Monday 17 March – As Ireland marks St. Patrick’s Day, it should also have been celebrating its year of becoming officially ‘smoke-free’. But it remains far from achieving its goal of reducing smoking prevalence to less than 5% by 2025.

Despite its ambitious targets, Ireland’s smoking rate is still 16% – a modest decline from 18% in 2020. At the current pace, Ireland won’t reach its goal before 2050.

Meanwhile, Sweden has found the pot of gold. Having set the same smoke-free objective for 2025, Sweden is on the brink of success, with just 5.3% of adults smoking.

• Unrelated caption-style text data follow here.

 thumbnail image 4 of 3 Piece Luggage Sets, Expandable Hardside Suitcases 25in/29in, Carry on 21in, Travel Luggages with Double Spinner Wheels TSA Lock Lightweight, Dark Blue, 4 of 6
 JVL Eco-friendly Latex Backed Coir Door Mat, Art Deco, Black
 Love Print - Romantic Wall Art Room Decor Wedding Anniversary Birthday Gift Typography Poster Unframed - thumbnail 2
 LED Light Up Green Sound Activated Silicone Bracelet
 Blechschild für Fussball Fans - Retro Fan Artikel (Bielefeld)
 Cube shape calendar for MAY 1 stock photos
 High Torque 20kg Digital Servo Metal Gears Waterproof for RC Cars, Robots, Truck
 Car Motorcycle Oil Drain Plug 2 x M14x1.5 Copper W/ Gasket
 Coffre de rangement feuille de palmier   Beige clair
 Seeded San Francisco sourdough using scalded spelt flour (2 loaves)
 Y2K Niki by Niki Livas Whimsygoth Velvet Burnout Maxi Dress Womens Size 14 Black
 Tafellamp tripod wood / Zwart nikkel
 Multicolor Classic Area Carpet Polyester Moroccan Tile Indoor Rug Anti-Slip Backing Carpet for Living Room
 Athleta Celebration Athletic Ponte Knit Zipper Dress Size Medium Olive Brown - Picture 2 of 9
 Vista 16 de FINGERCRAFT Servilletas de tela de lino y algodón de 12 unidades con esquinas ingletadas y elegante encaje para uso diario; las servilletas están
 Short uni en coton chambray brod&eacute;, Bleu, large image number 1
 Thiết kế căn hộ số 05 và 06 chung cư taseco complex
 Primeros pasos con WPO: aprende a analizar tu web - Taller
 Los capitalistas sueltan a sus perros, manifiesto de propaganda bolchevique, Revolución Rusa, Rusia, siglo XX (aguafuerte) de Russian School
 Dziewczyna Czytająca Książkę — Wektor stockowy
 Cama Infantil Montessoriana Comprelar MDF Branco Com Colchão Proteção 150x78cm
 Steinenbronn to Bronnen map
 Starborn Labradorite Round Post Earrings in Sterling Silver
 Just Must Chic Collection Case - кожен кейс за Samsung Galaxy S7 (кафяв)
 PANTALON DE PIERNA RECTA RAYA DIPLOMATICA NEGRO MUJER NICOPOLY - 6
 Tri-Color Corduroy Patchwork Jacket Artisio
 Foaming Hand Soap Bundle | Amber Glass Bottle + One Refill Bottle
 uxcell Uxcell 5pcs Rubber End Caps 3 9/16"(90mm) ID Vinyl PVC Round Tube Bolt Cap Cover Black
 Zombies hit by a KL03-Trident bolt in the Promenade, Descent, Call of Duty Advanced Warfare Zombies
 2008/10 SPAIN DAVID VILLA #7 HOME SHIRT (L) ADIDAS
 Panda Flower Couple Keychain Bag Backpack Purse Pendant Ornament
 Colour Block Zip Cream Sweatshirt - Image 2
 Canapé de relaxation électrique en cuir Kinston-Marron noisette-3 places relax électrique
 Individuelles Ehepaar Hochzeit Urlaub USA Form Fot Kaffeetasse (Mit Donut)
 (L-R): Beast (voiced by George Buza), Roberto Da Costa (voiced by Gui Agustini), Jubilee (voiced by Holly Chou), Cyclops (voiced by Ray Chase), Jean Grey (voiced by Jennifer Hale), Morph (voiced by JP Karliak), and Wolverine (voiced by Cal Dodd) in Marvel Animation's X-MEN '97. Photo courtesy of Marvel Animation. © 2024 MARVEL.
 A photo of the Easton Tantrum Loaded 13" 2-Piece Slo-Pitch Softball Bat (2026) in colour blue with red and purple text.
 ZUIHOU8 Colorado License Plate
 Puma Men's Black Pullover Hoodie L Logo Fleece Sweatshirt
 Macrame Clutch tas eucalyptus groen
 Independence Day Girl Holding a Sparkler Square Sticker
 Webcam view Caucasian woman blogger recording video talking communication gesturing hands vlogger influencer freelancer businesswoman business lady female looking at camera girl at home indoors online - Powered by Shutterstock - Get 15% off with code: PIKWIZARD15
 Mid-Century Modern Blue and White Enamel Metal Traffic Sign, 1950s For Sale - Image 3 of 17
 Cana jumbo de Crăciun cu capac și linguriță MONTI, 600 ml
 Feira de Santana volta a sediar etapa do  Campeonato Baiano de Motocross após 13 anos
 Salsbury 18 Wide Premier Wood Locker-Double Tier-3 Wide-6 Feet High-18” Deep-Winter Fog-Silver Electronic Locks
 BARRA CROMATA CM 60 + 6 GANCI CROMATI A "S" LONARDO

Sweden has achieved this remarkable reduction by embracing tobacco harm reduction, making safer nicotine alternatives – such as snus, modern nicotine pouches and vapes – acceptable, accessible and affordable to adult smokers.

“Sweden has halved smoking rates in just over a decade by following a science-based, harm reduction approach,” said Dr. Delon Human, leader of Smoke Free Sweden. “They did not achieve this by banning products or restricting choices. They empowered smokers with safer alternatives – and the results speak for themselves.”

In contrast, Ireland has taken a restrictive stance against alternative nicotine products. The government has announced plans to ban disposable vapes, limit e-liquid flavours to tobacco only and introduce a 50-cent per millilitre excise tax on e-liquids. These measures threaten to undermine smoking cessation efforts and push more smokers back to cigarettes.

“Ireland’s smoking rate is still nearly three times that of Sweden’s,” Dr. Human continued. “Instead of relying on the luck of the Irish, policymakers should follow the evidence-based policies that work. Sweden’s experience proves that embracing harm reduction is the fastest and most effective path to a smoke-free future.”

As Ireland struggles to meet its targets, Smoke Free Sweden urges policymakers to reconsider their approach and adopt a pragmatic harm reduction strategy that has already delivered results elsewhere in Europe.